Le fanfare del giornale torinese non sono nuove, né lo sono le rassicurazioni sul mantenimento dell'occupazione e della produzione. Sono promesse che risuonano vuote, formule di rito smentite puntualmente dalla storia recente. Gli stabilimenti Fiat di Mirafiori, un tempo cuore pulsante dell'industria italiana, sono oggi simbolo della progressiva desertificazione industriale che nessuna tromba mediatica può nascondere. Maserati, marchio destinato a rilanciare l'immagine internazionale del gruppo, fatica a mantenere le promesse, mentre i fornitori locali pagano il prezzo più alto di questa politica di tagli e delocalizzazioni.

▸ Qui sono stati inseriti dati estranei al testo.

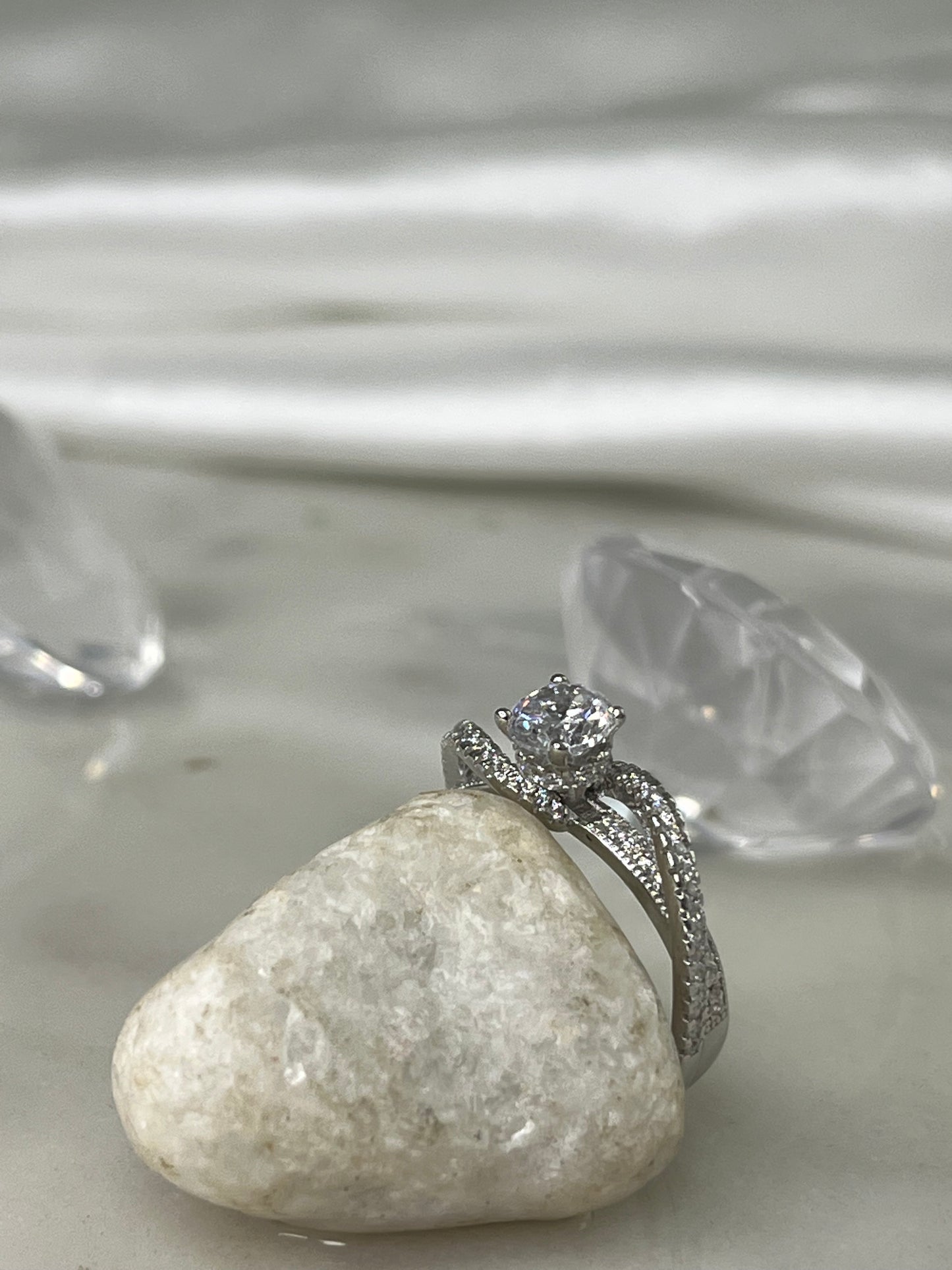 Eternity 925 Ring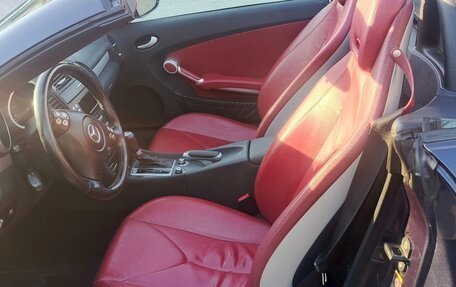 Mercedes-Benz SLK-Класс, 2005 год, 1 370 000 рублей, 7 фотография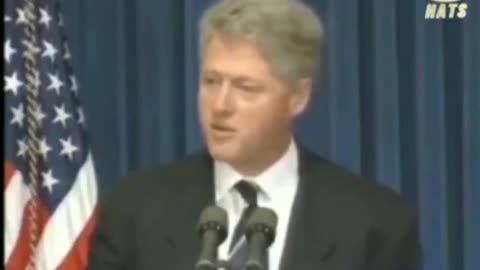 Bill Clinton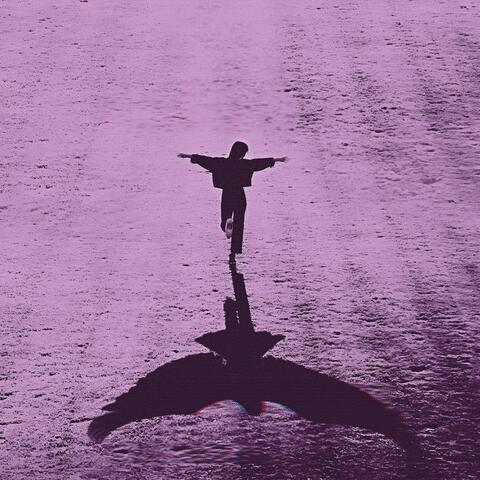 Freed (slowed) album art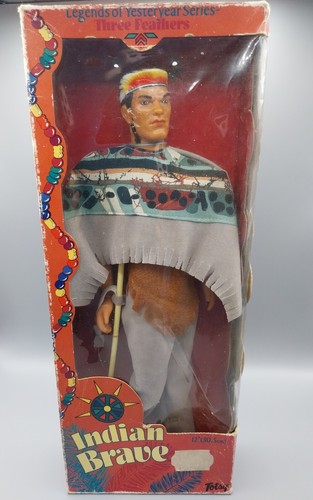 Totsy indianer brave legends - brave,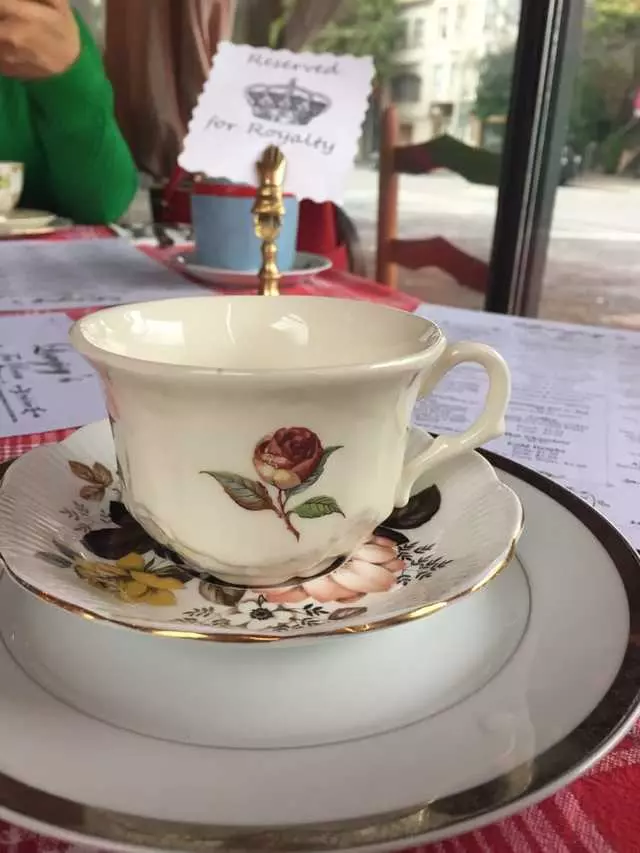 Lovejoy’s Tea Room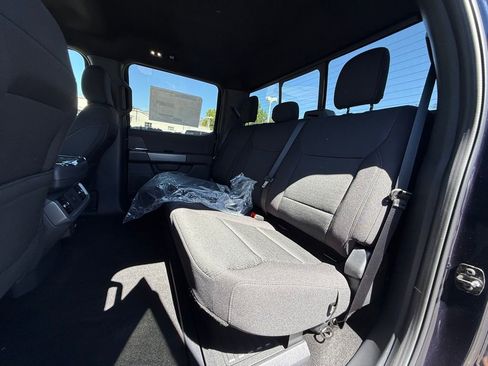 New 2025 Ford F150 XLT w/ Equipment Group 302A MID image 30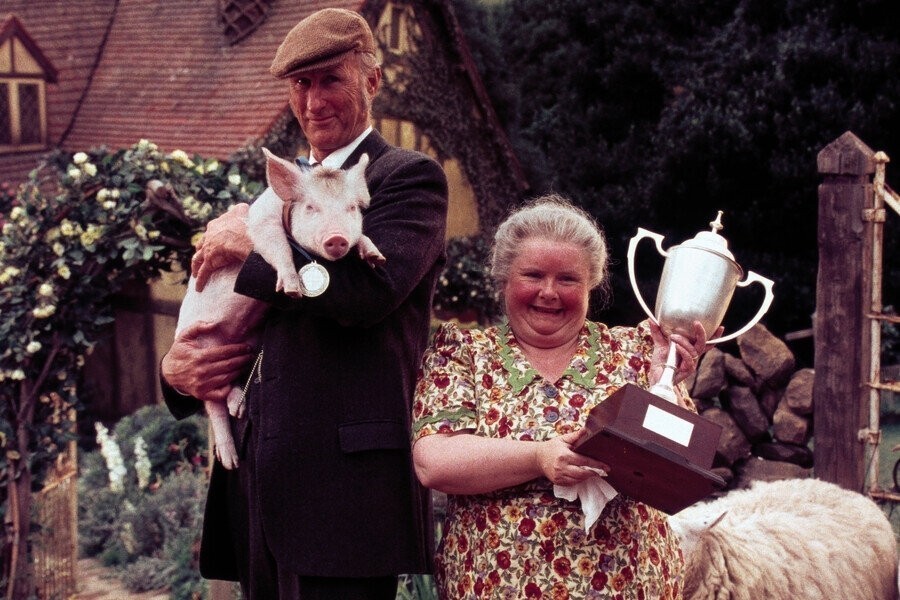 Babe: Pig in the City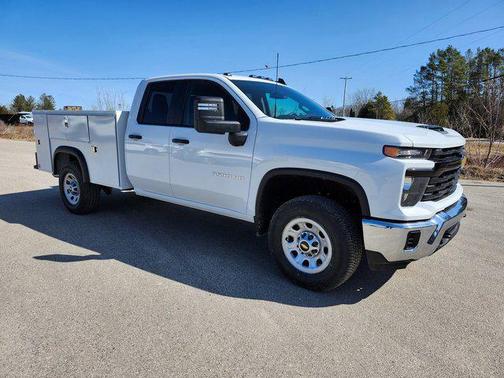 2025 Chevrolet Silverado 3500 WT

Con la vendita di Iveco, Elkann mette in scena la solita commedia della "cessione strategica", che favorisce soprattutto i conti degli azionisti, piuttosto che lavoratori e tessuto industriale italiano. Il reparto Defence di Iveco passa sotto il controllo di Leonardo, azienda statale, con un prezzo pagato dallo Stato italiano che lascia aperti dubbi significativi. Un ex dirigente di alto profilo ha definito Iveco Defence il gioiello del gruppo, grazie a ingegneri brillanti e progetti d'eccellenza come il blindato "Lince", solo per fare un esempio, nettamente superiore al celebre Hammer-Humvee americano negli impatti con le mine e non solo. Tuttavia, nonostante Iveco Defence rappresenti solo il 5,7% del fatturato complessivo di Iveco, lo Stato italiano pagherà ben 1,7 miliardi di euro, quasi metà del prezzo complessivo della restante parte ceduta a Tata. È un costo giustificabile in termini economici o una concessione all'interesse geopolitico e nazionale? Difficile dirlo con certezza, ma è chiaro che la generosità statale va ancora una volta a beneficio diretto degli eredi Agnelli.
La vicenda si inserisce in un copione ormai ben rodato: gli Agnelli liquidano e incassano, lo Stato paga, Torino osserva impotente la propria marginalizzazione industriale. Così, mentre Elkann liquida asset in Italia, raccogliendo liquidazioni milionarie, i suoi media costruiscono narrative rassicuranti, dipingendo ogni operazione come un successo di lungimiranza imprenditoriale.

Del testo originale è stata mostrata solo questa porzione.